SAT, SEPT 23 2023-theGBJournal |The Nigerian equity market exhibited a bullish trend over two of the past five consecutive trading days. But, the bears feasted this week, asserting their dominance, and leading to a 139bps decrease in the NGX All-Share Index (NGXASI) on a day-on-day basis and an overall weekly decline of 11bps, closing at 67,324.59 points.
This decline was mainly driven by increased selling activity in OANDO, which had been on a nine-session winning streak, as well as banking giants like GTCO and STERLINGNG, along with the industrial goods company DANGCEM.
Fortunately, the year-to-date return remained positive, expanding by 31.36% while market capitalization declined to N36.85 trillion. Despite the negative market performance, the market breadth stood at 1.13x, indicating that there were 44 declining stocks compared to 39 advancing ones.
The total trading volume saw an impressive 151.53% expansion to 1.03 billion units while the total value traded down 16.79% to N4.35 billion.

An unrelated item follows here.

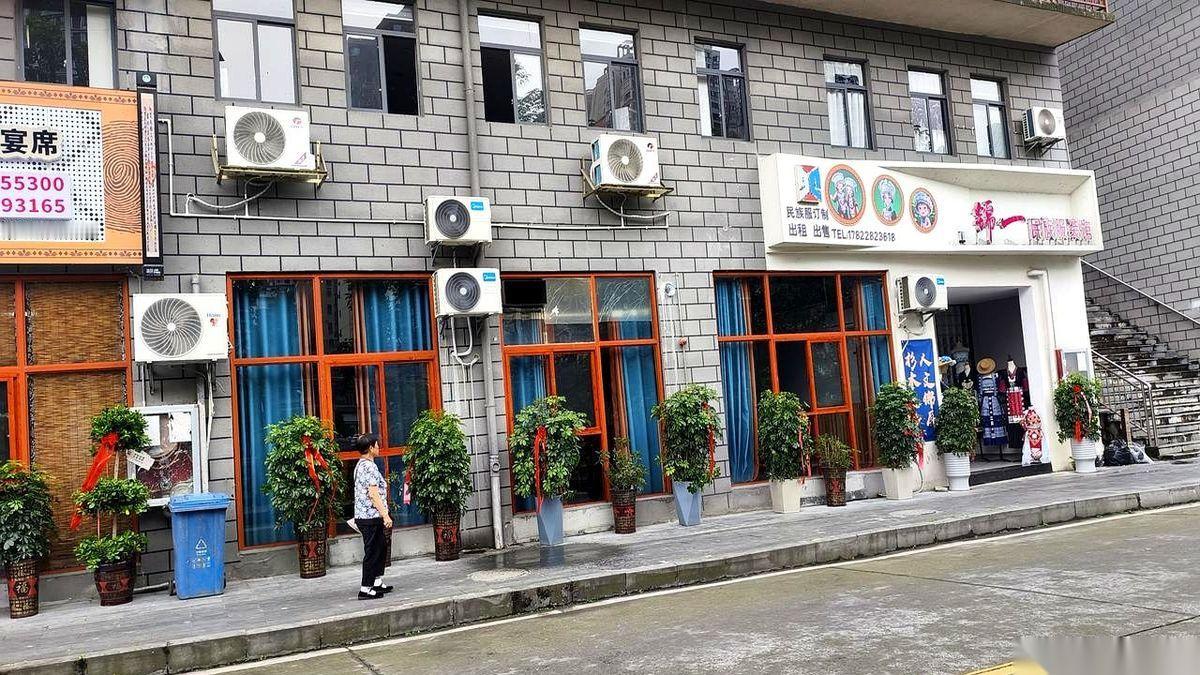 “拿着这80万闭嘴！再敢多说一句，我立马让我儿子休了你，他拿着钱分分钟找个更年轻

When analyzing the week-on-week performance, the stocks with the highest trading volumes included UNIVINSURE (1.66 billion units), UBA (254.35 million units), and ACCESSCORP (169.49 million units), while the top performers in terms of trading value were UBA (N4.46 billion), AIRTELAFRI (N2.99 billion), and ACCESSCORP (N2.92 billion).
On the other side of the ledger, when appraising in terms of value, UBA took the center stage with an impressive N4.46 billion, followed closely by AIRTELAFRI at N2.99 billion, and ACCESSCORP at N2.92 billion.
We expect a calm start to the week.
Meanwhile, global stocks faced downward pressure this week as the Federal Reserve indicated that interest rates would remain elevated for an extended period. Furthermore, concerns about a potential US government shutdown, due to ongoing federal budget disputes, added to the prevailing negative market sentiment.
Accordingly, US equities (DJIA: -1.6%; S&P 500: -2.7%) were on track for a weekly loss as investors digested the Fed’s hawkish stance on future rate hikes.
Similarly, European equities (STOXX Europe: -1.6%; FTSE 100: -0.4%) were poised to close lower as hawkish renditions from global central banks dented risk appetite.
Asian markets (Nikkei 225: -3.3%; SSE: +0.5%) were mixed as investors’ concerns centered around the potential for further interest rate hikes amid expectations of increased policy support measures in China.
Finally, bearish sentiments dominated the Emerging (MSCI EM: -2.9%) and Frontier (MSCI FM: -0.4%) market indices consequent upon losses in Taiwan (-3.4%) and Vietnam (-3.9%), respectively.